Editorial image of backstage preparation representing KATSEYE's interview and performance schedule
AI-generated image visualizing the backstage pressure around KATSEYE’s public schedule as the group promotes without Manon.

Race Comments Spark New Debate

The most debated portion of the interview centers on how the group addressed speculation that race played a role in Manon’s experience. Manon, who is Swiss-Ghanaian, had previously drawn attention after engaging with posts about being the only Black woman in the group. That online activity led some fans to discuss whether anti-Blackness or racial isolation may have shaped the environment around her hiatus.

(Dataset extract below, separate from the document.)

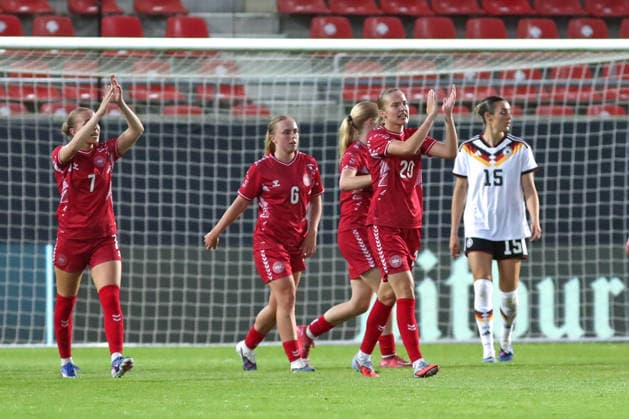 Fußball, U23-Frauen: Deutschland - Dänemark, 08.06.26 Tor-Jubel bei Therese Vestermark (20, Dänemark U23) und Team über das Tor zum 1:1-Ausgleich. Fußball, Testspiel U23-Frauen: Deutschland - Dänemark am 08.06.26 im Leuna-Chemie-Stadion Halle (Saale).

In the Vanity Fair piece, Sophia Laforteza rejected the idea that the situation was about race, saying that such a motivation would run against what the group represents. Koreaboo’s roundup of fan responses shows why that line quickly became contentious: some readers interpreted it as an attempt to close down a conversation that Manon herself appeared to signal, while others argued the members may have been speaking only from their own direct experience.

That distinction matters. A group member can deny a specific accusation about the group’s intent, but fans may still see a gap between intent and impact, especially when the person most directly affected is not part of the interview. In modern pop fandom, those gaps rarely stay small. They become the space where screenshots, old clips, social media likes, and partial statements are turned into competing timelines.

KATSEYE’s situation also reflects a broader challenge for global K-pop projects. These groups are marketed around multicultural identity, international ambition, and intense closeness among members. When conflict or absence appears, the same branding can raise expectations for openness. Fans who were invited to invest in a sisterhood narrative often expect more explanation when that narrative looks strained.

Editorial image of social media reaction surrounding a K-pop hiatus statement
AI-generated image explaining how fan discussion around Manon’s hiatus moved from performance questions to wider debates about race and communication.

Promotion Continues Without Full Clarity

For now, KATSEYE appears to be moving ahead with a five-member promotional frame. Vanity Fair’s profile highlights the members’ Coachella momentum, their growing streaming audience, and their plan to release Wild in August. The group is being positioned as a serious global pop contender, not merely a novelty experiment in the K-pop system.

Still, Manon’s status is likely to follow every major step until there is a clearer update from Manon, HYBE, Geffen, or the group. If she does not appear on the EP and remains uncertain for the tour, fans will read each schedule, photo, and interview for clues. If she returns, the questions will shift toward how the hiatus affected the group’s internal dynamic and public trust.

The safest conclusion is a limited one: the interview confirms that Manon’s absence remains unresolved, that KATSEYE’s remaining members are trying to keep promotion moving, and that comments about race have intensified fan debate rather than ending it. Without Manon’s own detailed account, any stronger claim would go beyond what is publicly established.

For a group built on global reach, the episode is a reminder that international appeal also brings international expectations. KATSEYE can continue building its music career, but the way its team communicates around Manon’s hiatus may now shape the group’s public image almost as much as the next single, stage, or tour announcement.